This takes some fiddling around in order to get what you want. Since you need an archive version of a species, you first go to www.ensembl.org, then under the 'Browse a Genome' box on the upper left, choose S. cerevisiae. When the new page loads, click on the 'view in archive site' link at the bottom right. That will bring up a box listing all the available archives, the last one for EF4 was Ensembl74 from December 2013. Click that link. The URI for the page that loads is http://dec2013.archive.ensembl.org/Saccharomyces_cerevisiae/Info/Index.
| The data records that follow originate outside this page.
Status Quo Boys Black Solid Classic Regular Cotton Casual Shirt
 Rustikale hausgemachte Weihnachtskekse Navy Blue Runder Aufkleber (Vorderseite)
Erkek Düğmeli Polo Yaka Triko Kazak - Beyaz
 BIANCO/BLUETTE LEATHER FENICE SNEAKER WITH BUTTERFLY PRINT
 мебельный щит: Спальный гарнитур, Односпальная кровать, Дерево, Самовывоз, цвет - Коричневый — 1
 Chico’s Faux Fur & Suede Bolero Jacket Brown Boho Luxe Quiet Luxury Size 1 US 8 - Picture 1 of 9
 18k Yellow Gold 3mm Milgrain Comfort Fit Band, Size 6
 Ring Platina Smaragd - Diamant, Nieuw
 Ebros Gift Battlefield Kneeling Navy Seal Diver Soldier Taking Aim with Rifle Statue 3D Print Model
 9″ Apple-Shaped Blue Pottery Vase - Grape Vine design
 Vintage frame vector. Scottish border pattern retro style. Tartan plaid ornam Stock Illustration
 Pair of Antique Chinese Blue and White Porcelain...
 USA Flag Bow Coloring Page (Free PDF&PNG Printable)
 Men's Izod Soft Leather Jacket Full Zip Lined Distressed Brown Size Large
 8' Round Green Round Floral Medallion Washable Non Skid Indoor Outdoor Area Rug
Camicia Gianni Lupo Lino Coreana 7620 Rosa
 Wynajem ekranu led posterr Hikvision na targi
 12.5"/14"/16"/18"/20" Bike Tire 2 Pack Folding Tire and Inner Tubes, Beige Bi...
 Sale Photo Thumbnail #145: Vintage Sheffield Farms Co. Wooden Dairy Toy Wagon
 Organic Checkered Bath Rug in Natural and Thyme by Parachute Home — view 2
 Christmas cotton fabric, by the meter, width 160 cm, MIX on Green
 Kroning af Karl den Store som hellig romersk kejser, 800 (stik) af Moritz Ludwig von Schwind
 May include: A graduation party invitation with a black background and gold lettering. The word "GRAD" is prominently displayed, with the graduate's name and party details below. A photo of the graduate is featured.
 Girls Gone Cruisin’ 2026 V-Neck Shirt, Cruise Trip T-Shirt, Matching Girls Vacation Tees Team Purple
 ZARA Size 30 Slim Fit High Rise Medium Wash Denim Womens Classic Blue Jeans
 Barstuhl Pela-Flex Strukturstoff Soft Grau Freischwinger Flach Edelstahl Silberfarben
We want the first part of that, dec2013.archive.ensembl.org
Now we need to figure out the correct mart name, so do this:
> listMarts(host = "dec2013.archive.ensembl.org")
biomart version
1 ENSEMBL_MART_ENSEMBL Ensembl Genes 74
2 ENSEMBL_MART_SNP Ensembl Variation 74
3 ENSEMBL_MART_FUNCGEN Ensembl Regulation 74
4 ENSEMBL_MART_VEGA Vega 54
5 pride PRIDE (EBI UK)
So we want "ENSEMBL_MART_ENSEMBL". Now note that you can specify things to makeTxDbFromBiomart(), like the mart or host:
> args(makeTxDbFromBiomart)
function (biomart = "ensembl", dataset = "hsapiens_gene_ensembl",
transcript_ids = NULL, circ_seqs = DEFAULT_CIRC_SEQS, filters = "",
id_prefix = "ensembl_", host = "www.biomart.org", port = 80,
taxonomyId = NA, miRBaseBuild = NA)
So we now plug in the information we have.
> z <- makeTxDbFromBiomart("ENSEMBL_MART_ENSEMBL", "scerevisiae_gene_ensembl", host = "dec2013.archive.ensembl.org")
Download and preprocess the 'transcripts' data frame ... OK
Download and preprocess the 'chrominfo' data frame ... FAILED! (=> skipped)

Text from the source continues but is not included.